Material provided:
"""
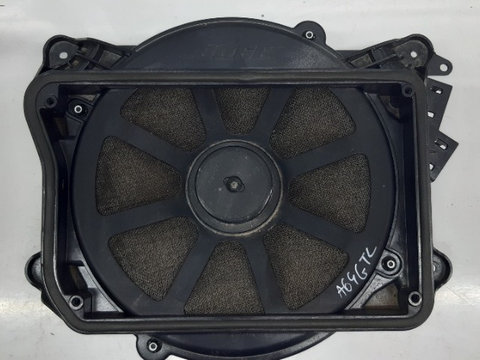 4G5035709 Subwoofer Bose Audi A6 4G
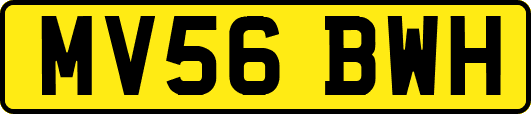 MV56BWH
"""
"""
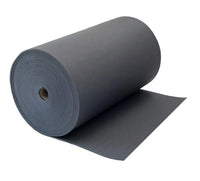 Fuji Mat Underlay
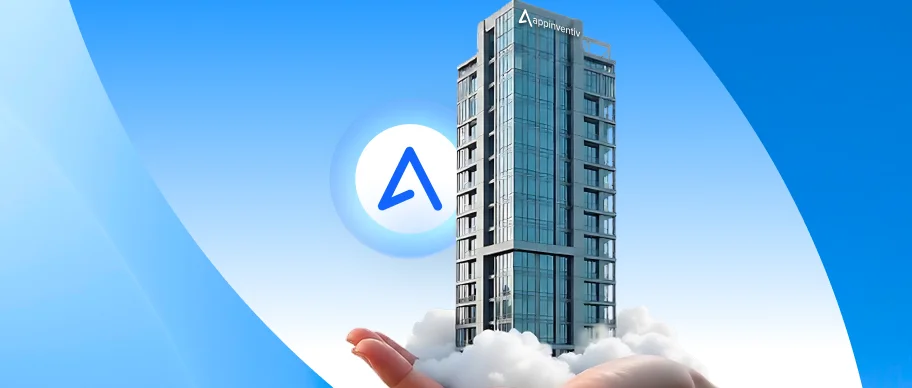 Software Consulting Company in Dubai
"""
"""
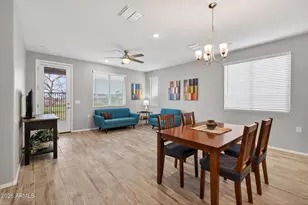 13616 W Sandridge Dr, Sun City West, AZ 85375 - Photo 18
"""
How to complete this task: Exact copy, pictures excluded: from the line with "Fuji Mat Underlay" up to and including the line with "Software Consulting Company in Dubai" in the data above.

Response to this exercise:
 Fuji Mat Underlay
 Software Consulting Company in Dubai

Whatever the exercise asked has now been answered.